Antlr4 parser ignoring lexer rules and generating implicit tokens

224 Views Asked by At

As a simple example, let's say I have the following.

parse_rule0 : parse_rule1 ',' parse_rule2 ';' ;

pare_rule1 : ... ;

parse_rule2: ... ;

PUNCTUATION : ',' | '.'| ';' | ':' ;

When Antlr4 (specifically the antlr4 vscode exentions) goes to generate tokens, it ignores my punctuation rule (just an example) and creates an implicit token, T_1 , for example. I can't seem to find any resources online for looking for a specific token out of a more general lexical rule. It seems senseless to create a lexical rule for every possible literal you might want to look for while parsing.

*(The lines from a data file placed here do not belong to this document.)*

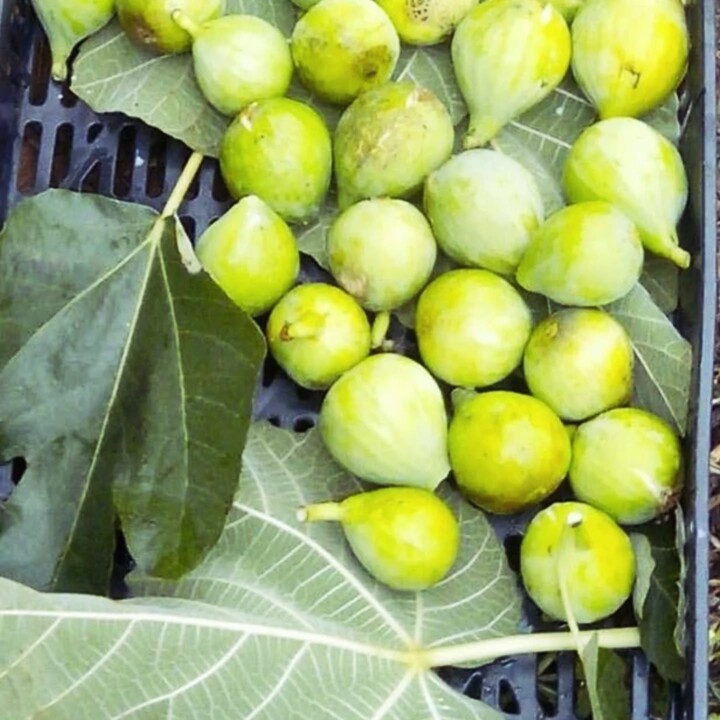 528552602_18493044712066958_7305281528379092923_n.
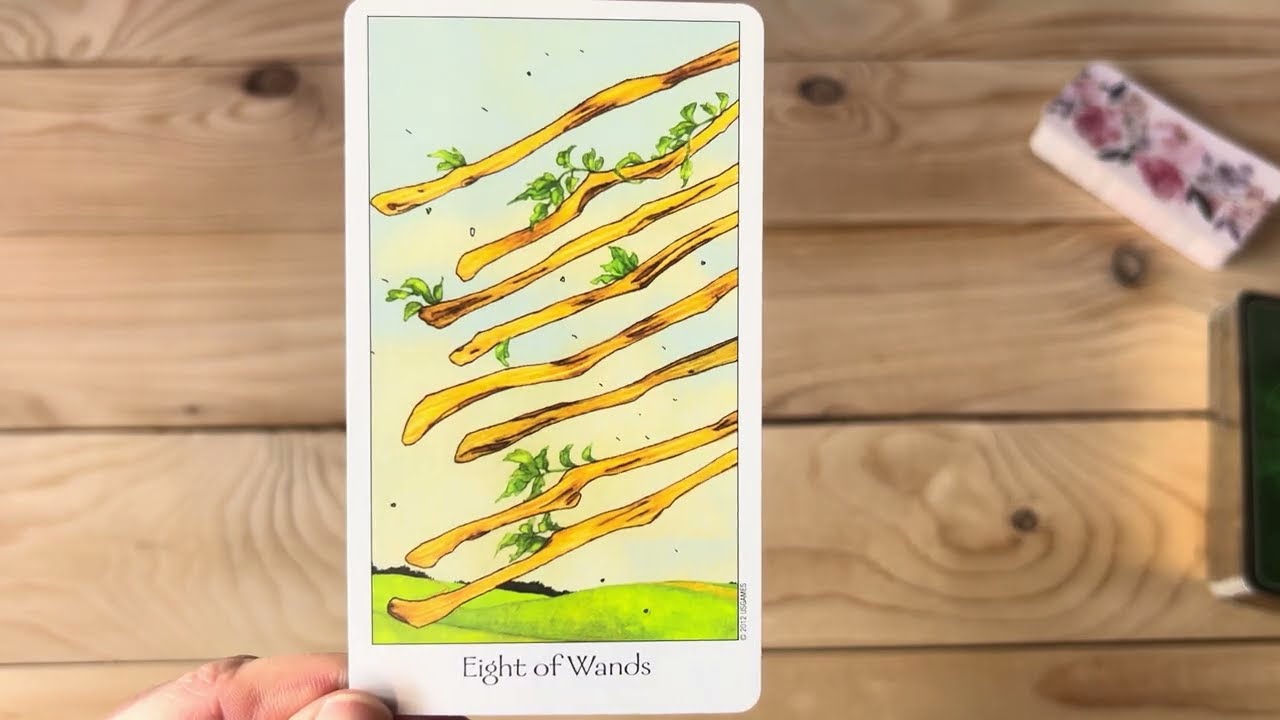 Eine besondere Seltenheit ist auf dem Weg zu dir!🔮zeitloses Orakel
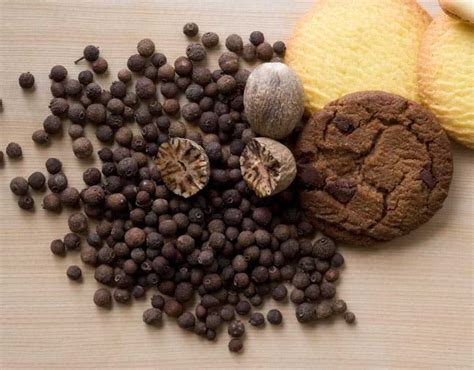 Recipes with Allspice | Petite Gourmets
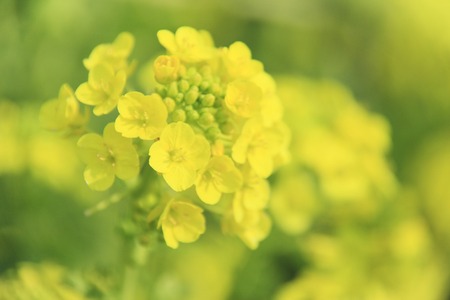 Rape blossomsの写真素材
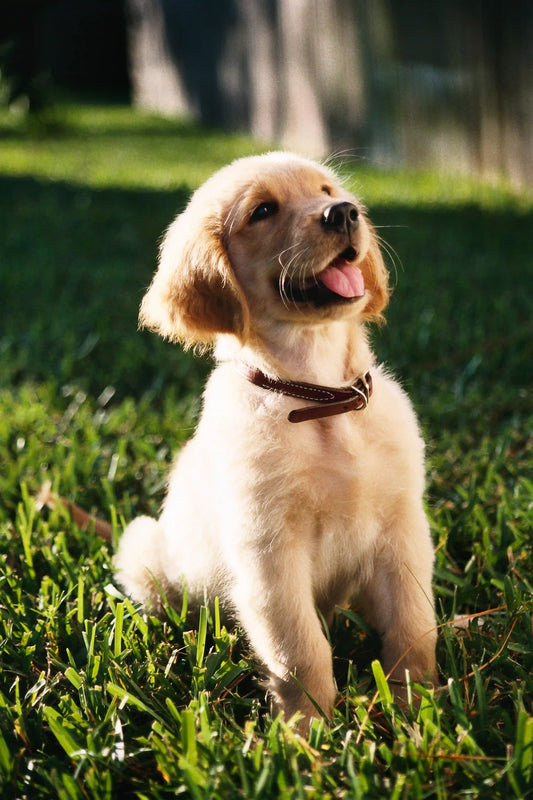 🌿 Espirulina: una ayuda natural para las alergias de la piel en perros y gatos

I've searched high and low for a solution to this problem. If I want to parse for a specific character that's defined in a lexical rule, how do I prevent Antlr from just generating an implicit token, and actually read my lexical rules?

1

There are 1 best solutions below

0
Ivan Kochurkin On BEST ANSWER

Explicit use of token

parse_rule0 : parse_rule1 PUNCTUATION parse_rule2 PUNCTUATION ;

pare_rule1 : ... ;

parse_rule2: ... ;

PUNCTUATION : ',' | '.'| ';' | ':' ;

Lexical rule for every literal

parse_rule0 : parse_rule1 ',' parse_rule2 ';' ;

pare_rule1 : ... ;

parse_rule2: ... ;

COMMA: ',';
DOT: '.';
SEMI: ';';
COLON: ':';

Unfortunately, ANTLR can't match literals with complex lexer rules that include even only alternatives.